A co-operative gaming style means that either one player has to be the “baddy” or players have to work against some form of AI ruleset.  Modiphius has already created the AI Handbook to allow players in the Fallout:Wasteland Warfare Game to work together against an AI opponent.  Does Modiphius have plans to further enhance this ruleset for Elder Scrolls: A Call to Arms and any future games/licences Modiphius may be working on?

Yes we’ve introduced a simplified version of the Fallout: Wasteland Warfare AI system for the Elder Scrolls:  Call to Arms core box- and plan to expand on this to flesh it out in to a more rich and in depth system in a forthcoming campaign box. The AI system is actually a great tool box and we’re already planning to roll this out for other games we have, but also to release other generic versions for use with any game system. It’s the first stage of our AI development and we plan to keeping working on it to constantly push the boundaries of what’s possible on the table with elegant mechanics, without creating a hugely complex series of rules. 
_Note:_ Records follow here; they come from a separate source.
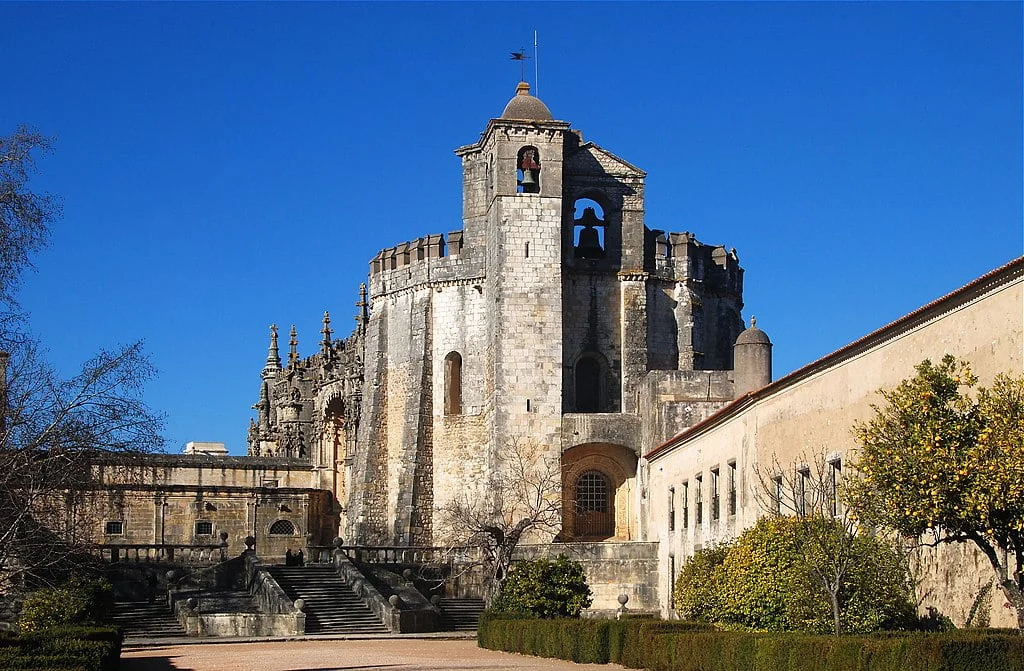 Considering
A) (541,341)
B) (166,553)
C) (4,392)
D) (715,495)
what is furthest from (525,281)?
(4,392)

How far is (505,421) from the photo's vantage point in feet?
169

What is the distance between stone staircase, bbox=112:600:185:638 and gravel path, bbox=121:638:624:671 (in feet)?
14.4

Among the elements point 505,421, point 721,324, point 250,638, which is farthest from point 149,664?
point 721,324

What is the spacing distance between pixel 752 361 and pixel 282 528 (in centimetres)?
2331

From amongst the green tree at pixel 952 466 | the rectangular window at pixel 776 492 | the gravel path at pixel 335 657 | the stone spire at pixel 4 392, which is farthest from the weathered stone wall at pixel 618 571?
the stone spire at pixel 4 392

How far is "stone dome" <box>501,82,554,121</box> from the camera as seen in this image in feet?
178

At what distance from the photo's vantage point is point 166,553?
163 ft

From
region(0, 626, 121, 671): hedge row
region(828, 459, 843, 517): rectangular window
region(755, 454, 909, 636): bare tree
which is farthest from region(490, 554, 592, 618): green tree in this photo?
region(0, 626, 121, 671): hedge row

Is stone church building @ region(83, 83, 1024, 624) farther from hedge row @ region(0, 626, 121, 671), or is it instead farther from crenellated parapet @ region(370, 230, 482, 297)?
hedge row @ region(0, 626, 121, 671)

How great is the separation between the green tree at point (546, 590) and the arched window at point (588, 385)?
17643mm

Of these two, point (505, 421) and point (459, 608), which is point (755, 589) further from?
point (505, 421)

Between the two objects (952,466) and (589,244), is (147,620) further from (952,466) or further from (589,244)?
(952,466)

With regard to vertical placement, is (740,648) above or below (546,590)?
below

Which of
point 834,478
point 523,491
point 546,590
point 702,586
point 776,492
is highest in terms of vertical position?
point 523,491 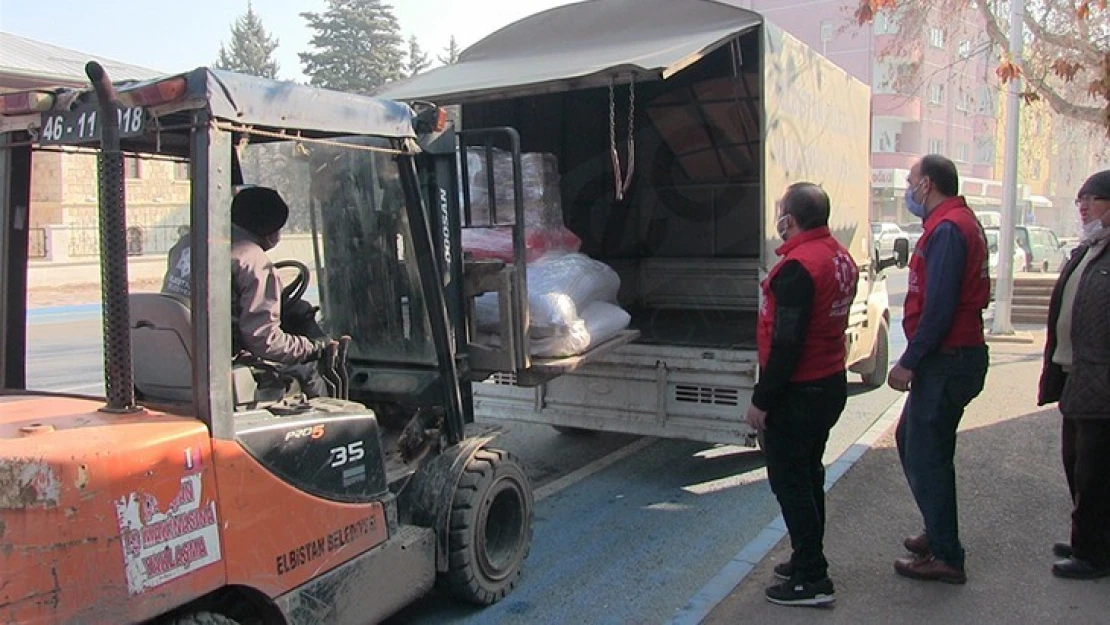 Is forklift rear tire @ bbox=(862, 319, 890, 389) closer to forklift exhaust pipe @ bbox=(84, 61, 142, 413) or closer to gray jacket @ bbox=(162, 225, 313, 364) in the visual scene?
gray jacket @ bbox=(162, 225, 313, 364)

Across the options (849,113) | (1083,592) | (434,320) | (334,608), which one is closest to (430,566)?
(334,608)

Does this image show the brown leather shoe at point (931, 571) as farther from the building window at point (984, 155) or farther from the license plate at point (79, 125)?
the building window at point (984, 155)

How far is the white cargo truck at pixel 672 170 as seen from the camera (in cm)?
590

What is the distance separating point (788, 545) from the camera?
15.6 feet

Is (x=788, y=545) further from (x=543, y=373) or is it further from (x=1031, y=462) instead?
(x=1031, y=462)

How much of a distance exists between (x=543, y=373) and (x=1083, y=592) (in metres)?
2.82

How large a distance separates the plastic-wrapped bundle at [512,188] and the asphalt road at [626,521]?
1932 millimetres

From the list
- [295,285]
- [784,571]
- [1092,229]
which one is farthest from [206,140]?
[1092,229]

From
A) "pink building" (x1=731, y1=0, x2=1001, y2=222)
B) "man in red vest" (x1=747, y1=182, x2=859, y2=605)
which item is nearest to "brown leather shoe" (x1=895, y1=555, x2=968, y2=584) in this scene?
"man in red vest" (x1=747, y1=182, x2=859, y2=605)

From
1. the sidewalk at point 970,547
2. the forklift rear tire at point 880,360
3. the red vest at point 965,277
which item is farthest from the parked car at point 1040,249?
the red vest at point 965,277

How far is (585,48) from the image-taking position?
6.45 m

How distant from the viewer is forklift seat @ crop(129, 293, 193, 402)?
3041 millimetres

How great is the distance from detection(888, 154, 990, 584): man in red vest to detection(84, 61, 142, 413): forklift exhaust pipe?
3273mm

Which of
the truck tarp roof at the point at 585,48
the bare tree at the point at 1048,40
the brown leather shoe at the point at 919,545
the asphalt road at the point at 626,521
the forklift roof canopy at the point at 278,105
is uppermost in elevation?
the bare tree at the point at 1048,40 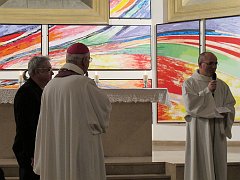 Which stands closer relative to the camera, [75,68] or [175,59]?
[75,68]

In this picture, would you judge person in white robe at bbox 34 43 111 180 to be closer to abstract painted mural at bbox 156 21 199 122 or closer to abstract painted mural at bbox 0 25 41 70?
abstract painted mural at bbox 156 21 199 122

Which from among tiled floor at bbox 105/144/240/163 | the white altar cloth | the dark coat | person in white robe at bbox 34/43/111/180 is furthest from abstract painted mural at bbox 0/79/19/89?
person in white robe at bbox 34/43/111/180

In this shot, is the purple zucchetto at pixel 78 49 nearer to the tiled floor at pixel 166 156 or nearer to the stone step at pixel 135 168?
the stone step at pixel 135 168

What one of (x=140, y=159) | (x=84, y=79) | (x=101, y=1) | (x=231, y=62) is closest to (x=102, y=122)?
(x=84, y=79)

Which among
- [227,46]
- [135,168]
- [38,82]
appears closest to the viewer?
[38,82]

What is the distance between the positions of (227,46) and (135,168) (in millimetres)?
3772

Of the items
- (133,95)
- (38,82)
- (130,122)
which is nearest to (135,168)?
(130,122)

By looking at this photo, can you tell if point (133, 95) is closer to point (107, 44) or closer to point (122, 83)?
point (122, 83)

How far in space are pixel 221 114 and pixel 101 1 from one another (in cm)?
565

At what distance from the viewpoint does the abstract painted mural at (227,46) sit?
11.3m

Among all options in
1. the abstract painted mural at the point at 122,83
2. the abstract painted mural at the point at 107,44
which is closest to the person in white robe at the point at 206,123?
the abstract painted mural at the point at 122,83

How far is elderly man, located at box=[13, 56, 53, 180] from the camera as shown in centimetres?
566

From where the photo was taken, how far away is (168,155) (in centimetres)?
977

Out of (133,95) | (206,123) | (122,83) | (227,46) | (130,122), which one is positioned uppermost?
(227,46) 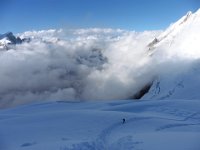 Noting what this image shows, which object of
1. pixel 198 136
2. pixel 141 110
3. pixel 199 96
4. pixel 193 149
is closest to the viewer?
pixel 193 149

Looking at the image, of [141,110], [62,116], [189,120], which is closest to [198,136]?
[189,120]

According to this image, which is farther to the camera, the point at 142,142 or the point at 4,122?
the point at 4,122

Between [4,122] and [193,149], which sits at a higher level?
[4,122]

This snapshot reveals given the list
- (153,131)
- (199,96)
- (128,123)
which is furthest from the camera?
(199,96)

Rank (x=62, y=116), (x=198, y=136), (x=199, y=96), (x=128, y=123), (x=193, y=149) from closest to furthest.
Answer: (x=193, y=149), (x=198, y=136), (x=128, y=123), (x=62, y=116), (x=199, y=96)

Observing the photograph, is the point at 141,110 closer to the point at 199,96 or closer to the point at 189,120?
the point at 189,120

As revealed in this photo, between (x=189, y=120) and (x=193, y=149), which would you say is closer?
(x=193, y=149)

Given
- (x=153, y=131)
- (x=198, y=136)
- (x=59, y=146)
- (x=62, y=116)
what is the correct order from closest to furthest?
1. (x=59, y=146)
2. (x=198, y=136)
3. (x=153, y=131)
4. (x=62, y=116)

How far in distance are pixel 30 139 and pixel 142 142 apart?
8.34 meters

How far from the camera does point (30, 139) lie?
1015 inches

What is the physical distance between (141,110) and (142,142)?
18609mm

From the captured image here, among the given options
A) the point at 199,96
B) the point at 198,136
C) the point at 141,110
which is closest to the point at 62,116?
the point at 141,110

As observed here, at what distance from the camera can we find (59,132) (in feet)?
92.4

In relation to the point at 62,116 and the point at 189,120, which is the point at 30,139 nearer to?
the point at 62,116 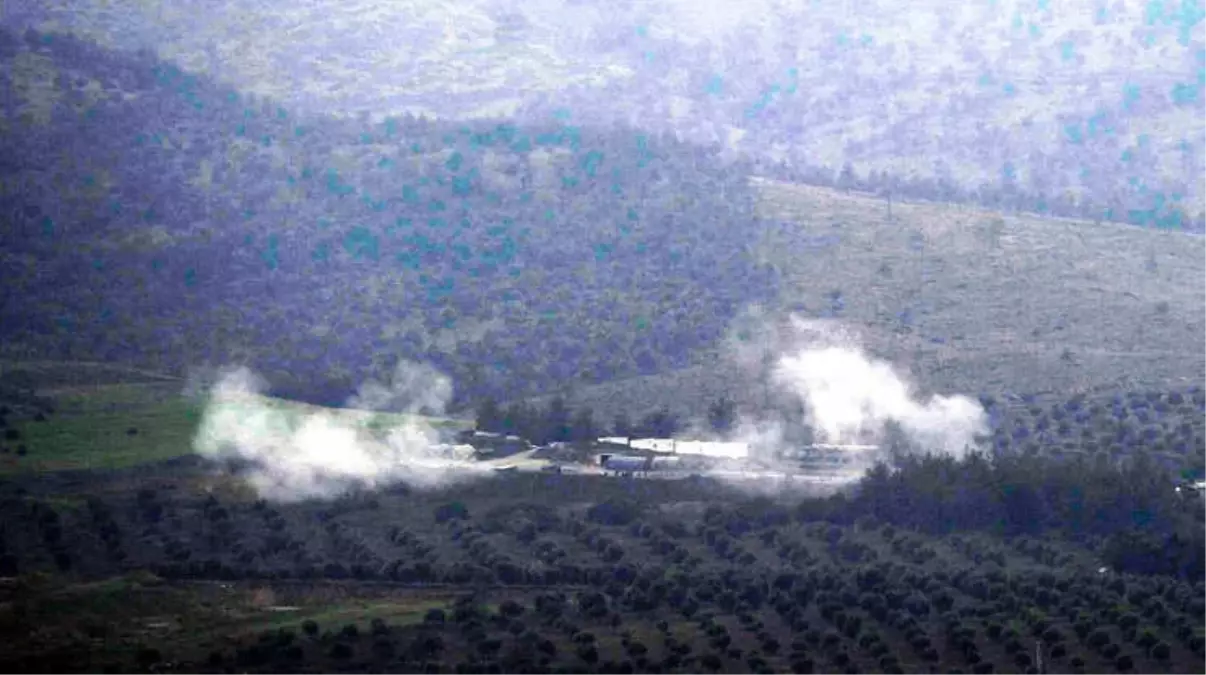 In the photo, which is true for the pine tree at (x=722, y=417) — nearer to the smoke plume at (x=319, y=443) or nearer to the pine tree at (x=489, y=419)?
the pine tree at (x=489, y=419)

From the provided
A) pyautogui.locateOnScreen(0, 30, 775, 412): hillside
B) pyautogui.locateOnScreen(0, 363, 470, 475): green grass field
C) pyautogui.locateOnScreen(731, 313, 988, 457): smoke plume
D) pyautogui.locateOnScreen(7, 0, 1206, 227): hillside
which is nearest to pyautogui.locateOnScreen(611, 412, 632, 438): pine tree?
pyautogui.locateOnScreen(731, 313, 988, 457): smoke plume

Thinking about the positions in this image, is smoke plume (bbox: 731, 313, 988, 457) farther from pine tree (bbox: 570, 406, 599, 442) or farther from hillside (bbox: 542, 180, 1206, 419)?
pine tree (bbox: 570, 406, 599, 442)

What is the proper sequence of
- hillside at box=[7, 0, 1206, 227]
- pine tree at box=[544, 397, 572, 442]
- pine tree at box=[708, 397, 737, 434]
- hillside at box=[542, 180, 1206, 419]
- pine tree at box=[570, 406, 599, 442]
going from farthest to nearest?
hillside at box=[7, 0, 1206, 227] → hillside at box=[542, 180, 1206, 419] → pine tree at box=[708, 397, 737, 434] → pine tree at box=[544, 397, 572, 442] → pine tree at box=[570, 406, 599, 442]

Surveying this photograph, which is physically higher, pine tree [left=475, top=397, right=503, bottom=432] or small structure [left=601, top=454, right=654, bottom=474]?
pine tree [left=475, top=397, right=503, bottom=432]

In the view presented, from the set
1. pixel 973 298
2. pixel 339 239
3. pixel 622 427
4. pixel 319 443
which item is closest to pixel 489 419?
pixel 622 427

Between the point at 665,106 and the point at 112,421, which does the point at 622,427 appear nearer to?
the point at 112,421

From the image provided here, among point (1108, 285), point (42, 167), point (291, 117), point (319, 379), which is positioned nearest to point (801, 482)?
point (319, 379)

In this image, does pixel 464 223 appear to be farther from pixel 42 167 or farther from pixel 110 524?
pixel 110 524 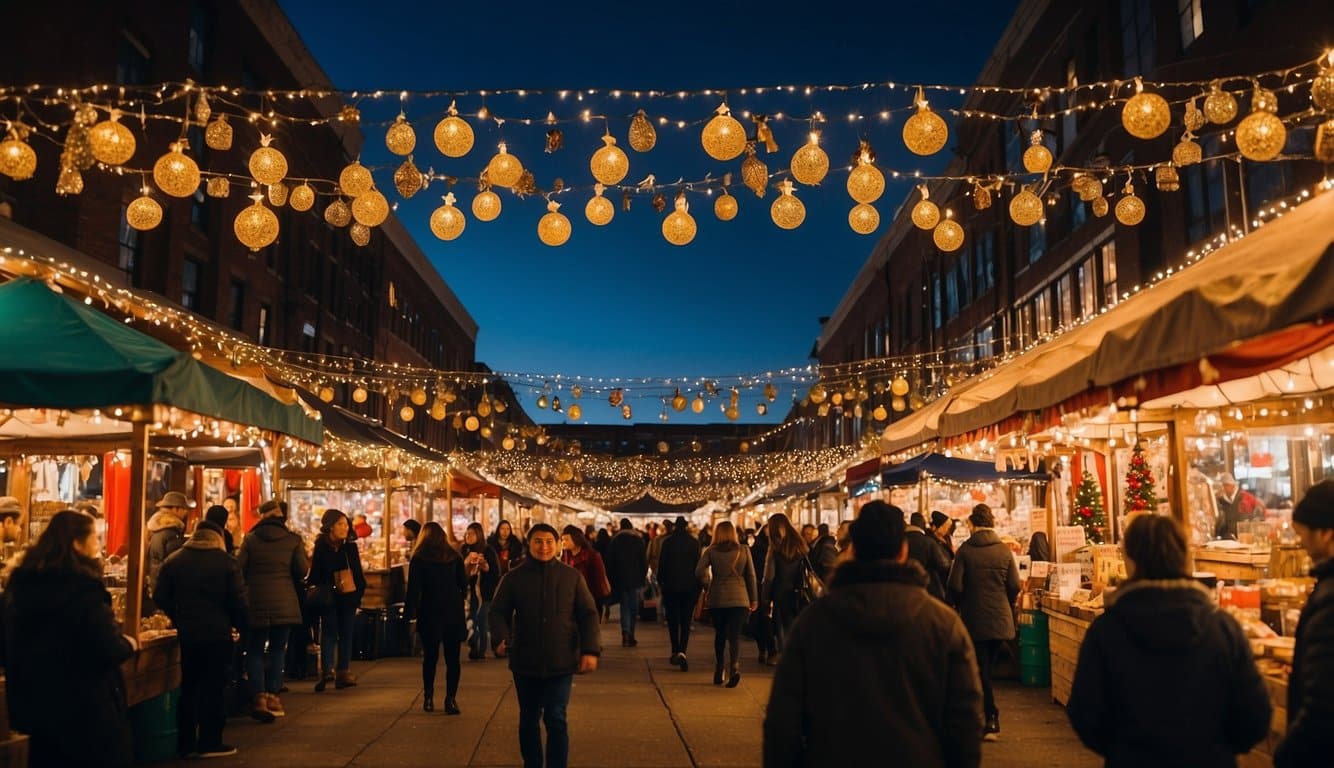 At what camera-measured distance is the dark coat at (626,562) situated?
18797 millimetres

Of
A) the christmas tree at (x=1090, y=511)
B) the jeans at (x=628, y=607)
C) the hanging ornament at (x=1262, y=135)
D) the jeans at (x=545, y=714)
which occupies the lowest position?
the jeans at (x=628, y=607)

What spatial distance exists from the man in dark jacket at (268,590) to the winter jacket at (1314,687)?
28.9ft

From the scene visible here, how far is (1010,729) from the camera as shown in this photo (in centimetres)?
998

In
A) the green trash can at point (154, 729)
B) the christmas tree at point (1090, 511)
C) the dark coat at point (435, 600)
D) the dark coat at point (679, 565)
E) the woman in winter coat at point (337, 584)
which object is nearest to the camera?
the green trash can at point (154, 729)

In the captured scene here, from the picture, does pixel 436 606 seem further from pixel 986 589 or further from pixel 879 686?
pixel 879 686

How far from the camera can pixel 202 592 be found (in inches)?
346

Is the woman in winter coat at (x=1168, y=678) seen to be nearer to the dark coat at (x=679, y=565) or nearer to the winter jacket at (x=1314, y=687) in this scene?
the winter jacket at (x=1314, y=687)

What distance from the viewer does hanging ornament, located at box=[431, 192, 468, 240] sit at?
11.0 m

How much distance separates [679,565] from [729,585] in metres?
2.40

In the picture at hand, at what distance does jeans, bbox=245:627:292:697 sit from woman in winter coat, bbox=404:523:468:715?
4.38ft

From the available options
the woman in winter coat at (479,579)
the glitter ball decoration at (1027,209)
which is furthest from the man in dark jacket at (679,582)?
the glitter ball decoration at (1027,209)

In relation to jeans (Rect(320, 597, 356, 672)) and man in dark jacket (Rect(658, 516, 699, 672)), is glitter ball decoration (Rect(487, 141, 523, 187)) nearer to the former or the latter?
jeans (Rect(320, 597, 356, 672))

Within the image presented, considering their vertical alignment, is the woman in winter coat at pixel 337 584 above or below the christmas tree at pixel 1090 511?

The initial press release for Elder Scrolls: A Call to Arms mentions narrative game play and in your recent community survey narrative game play is mentioned as one of the options for players to choose when opting for preferred game play styles.  Do you have any plans to create an AI ruleset that will grow with players outside of the tabletop gaming element e.g. when building a fort or community will there be increased chance of raiders/bandits/random events etc. ?

Yes it’s not just about AI rules though, part of the fun of the co-operative experience (or solo) is the story unfolding in front of you, and being able to grow your characters and followers. We’re working on campaign expansions for both Fallout and Elder Scrolls – specifically with Elder Scrolls it will see on-going quests linked from game to game that help tell your story and unlock really great in game moments and bonuses, the development of your settlement or fort and events  around  it which might include you and me teaming up with our Stormcloaks to defend my fort against an Imperial assault, or something more sinister. Maybe we’d play a joint campaign building a settlement together or I might elect to play on my own and see various events happen to my characters and settlement before our next game together. We might play a vs game where the results of my experiences possibly affects what I can or can’t bring to the table but we’re still playing to the same points totals. Alternatively we might next elect to join forces to hunt down a particularly dangerous set of creatures and a mystery that’s threatening one of our heroes. The possibilities are endless and I’m a big believer in telling a story through miniatures games. Co-op games allows you to do just that – you can focus on what would be really cool, what would drive the story, and less on the points or balance. What would leave you discuss the game and the crazy things that happened for days to come? Or challenge you to play again and try a different strategy? 
We’re constantly developing new scenarios for Fallout and Elder Scrolls will be no different, I  think a lot of miniatures games miss the point on this and just have those generic battle missions that are fine if you’re just playing for points. Historical games have been playing more narrative battles for years – they re-create famous battles that weren’t balanced, to see if X could win this time instead. I love the idea of challenging players to work together – to fight for that narrative climax that is so memorable. A battle should be a tool to tell a story, not the focus. 

Will we see complete narrative “campaigns” released for Elder Scrolls: A Call to Arms?

I think I’ve partly answered that above but yes – we’re planning  a series of releases that will be encompassing storylines through a series of missions. 

So there you have it, Modiphius goes from strength to strength and definitely has a lot to offer us in the coming years.